The U.S. military has been using the device in Iraq and Afghanistan for a few years now. Before entering a building, troops can toss a Scout into an upper-story window and steer it down the stairs and through the rooms to detect hostile persons and size up their armament.

With the FCC waiver in hand, U.S. police and fire departments, and security personnel in critical infrastructure industries, will have access to the same technology. Typical applications are likely to include checking a building prior to forced entry, locating hostages and hostiles before a rescue attempt, searching for survivors in a burning building, and inspecting the site of a chemical or nuclear release. A police task force told the FCC, after testing the Recon Scout, “We don't feel comfortable without this thing now.”

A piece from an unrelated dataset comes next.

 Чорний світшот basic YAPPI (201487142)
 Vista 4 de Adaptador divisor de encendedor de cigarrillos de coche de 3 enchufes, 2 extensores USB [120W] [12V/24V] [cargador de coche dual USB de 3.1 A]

The manufacturer faced a problem, one increasingly common for new radio-based technologies. The product was plainly in the public interest – no one disputed that it could save lives – but there was no place for it in the FCC’s spectrum allocations.   True, the robot came with constraints. For one, it needs frequencies below about 500 MHz to achieve adequate penetration of building walls, at power levels sustainable by batteries in a one-pound device. For another, it requires analog modulation, even at the cost of more radio bandwidth. Digital TV transmission cuts off abruptly if the robot ventures too far, making it impossible for the operator to drive it back into range.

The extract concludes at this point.